Give back, word for word, the line that contains "King Felipe VI" and every line that follows it in the data below.

-------- Data under study

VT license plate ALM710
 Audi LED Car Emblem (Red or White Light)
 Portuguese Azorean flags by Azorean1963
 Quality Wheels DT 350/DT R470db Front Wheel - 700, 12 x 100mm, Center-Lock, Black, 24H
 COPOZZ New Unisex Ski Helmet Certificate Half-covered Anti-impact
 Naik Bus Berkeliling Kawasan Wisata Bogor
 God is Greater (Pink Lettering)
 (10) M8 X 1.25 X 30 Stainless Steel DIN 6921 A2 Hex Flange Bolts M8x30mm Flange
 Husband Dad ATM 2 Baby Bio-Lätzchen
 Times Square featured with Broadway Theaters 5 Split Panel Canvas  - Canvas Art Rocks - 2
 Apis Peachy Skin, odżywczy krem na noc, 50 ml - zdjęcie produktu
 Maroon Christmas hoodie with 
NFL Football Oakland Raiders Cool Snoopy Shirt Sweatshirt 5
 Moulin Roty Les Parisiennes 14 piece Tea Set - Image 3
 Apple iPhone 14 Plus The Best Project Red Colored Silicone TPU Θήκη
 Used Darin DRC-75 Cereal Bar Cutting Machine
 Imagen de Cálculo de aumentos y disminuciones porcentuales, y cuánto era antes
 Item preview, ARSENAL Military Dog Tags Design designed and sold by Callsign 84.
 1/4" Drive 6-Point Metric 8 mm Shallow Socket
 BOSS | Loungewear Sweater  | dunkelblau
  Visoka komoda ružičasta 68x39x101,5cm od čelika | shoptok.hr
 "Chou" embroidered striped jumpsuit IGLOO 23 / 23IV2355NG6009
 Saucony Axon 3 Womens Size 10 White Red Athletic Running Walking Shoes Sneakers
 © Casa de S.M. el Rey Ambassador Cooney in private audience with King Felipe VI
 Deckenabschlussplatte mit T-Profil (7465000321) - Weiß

----------------

Response
 © Casa de S.M. el Rey Ambassador Cooney in private audience with King Felipe VI
 Deckenabschlussplatte mit T-Profil (7465000321) - Weiß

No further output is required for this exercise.